With support from the Science Foundation Ireland
Each pattern describes a problem which occurs over and over again in our environment, and then describes the core of the solution to that problem, in such a way that you can use this solution a million times over, without ever doing it the same way twice. Christopher Alexander.
Constraint models contain a number of common patterns. By documenting such constraint patterns, we can share modelling expertise. Constraint solvers can also be extended to exploit such patterns. The result will be a systematic and comprehensive methodology for modelling an informal problem. Such a methodology will permit us to tackle the modelling ``bottleneck'' that hinders the uptake of constraint programming.
Patterns are an approach to design that started in architecture with the work of Christopher Alexander, which has since spread to many other areas including software engineering where they often go by the name of design patterns.

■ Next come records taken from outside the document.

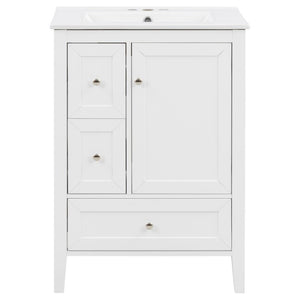 English Elm Video 24 Inch Freestanding Bathroom Vanity with Ceramic Sink and Rubberwood Legs White N759P437580K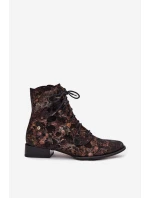 vzorované kotníkové boty na ploché podrážce model 21714005 - Maciejka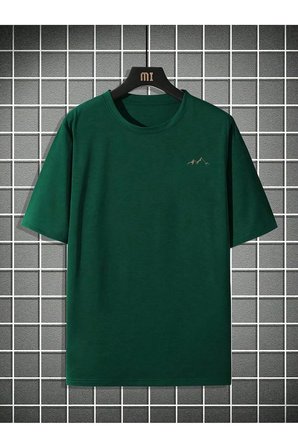 Unisex Dağ Baskılı Oversize Tshirt
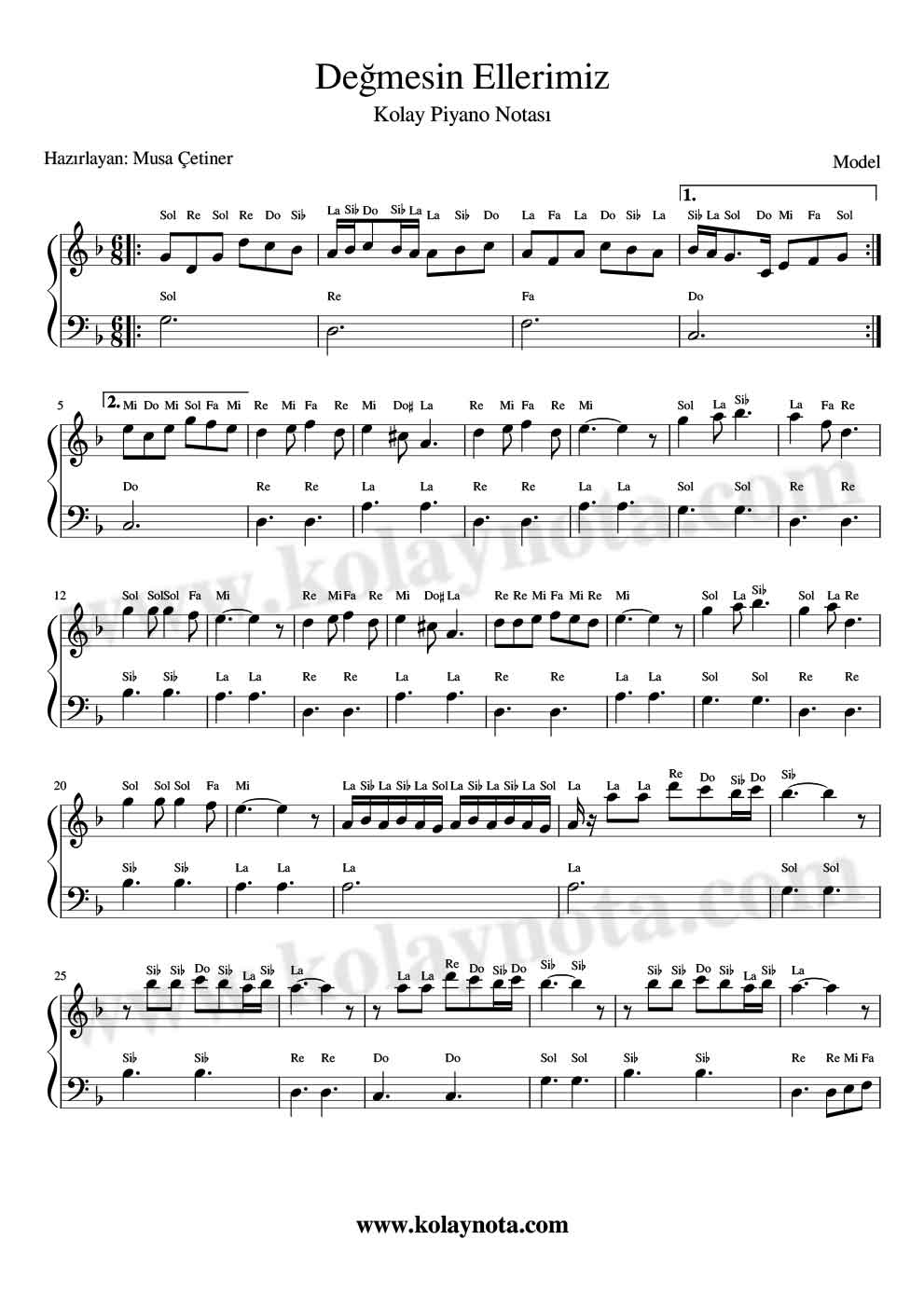 Değmesin Ellerimiz Piyano Notaları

A pattern describes not only the context of a problem and its solution, but also the rationale behind the solution. Patterns are a valuable mechanism for describing best practice and good design. Patterns therefore have a useful role to play in constraint programming. There are many recurring patterns in good constraint models. These patterns cannot usually be precisely specified as there are many conflicting interactions in a complex problem. Patterns therefore seem a good vehicle for explicitly capturing the knowledge of expert modellers.
Patterns are, by their very nature, not formal objects. They are therefore usually documented in natural language (see the proposed blank pattern template for constraint programming).